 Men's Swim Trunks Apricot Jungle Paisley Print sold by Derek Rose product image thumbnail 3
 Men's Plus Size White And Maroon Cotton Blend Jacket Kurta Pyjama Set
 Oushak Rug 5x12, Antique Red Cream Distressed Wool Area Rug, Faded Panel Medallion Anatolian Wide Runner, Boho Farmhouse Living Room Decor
:::
Only an exact copy of all the data will do as the answer.

 Men's Swim Trunks Apricot Jungle Paisley Print sold by Derek Rose product image thumbnail 3
 Men's Plus Size White And Maroon Cotton Blend Jacket Kurta Pyjama Set
 Oushak Rug 5x12, Antique Red Cream Distressed Wool Area Rug, Faded Panel Medallion Anatolian Wide Runner, Boho Farmhouse Living Room Decor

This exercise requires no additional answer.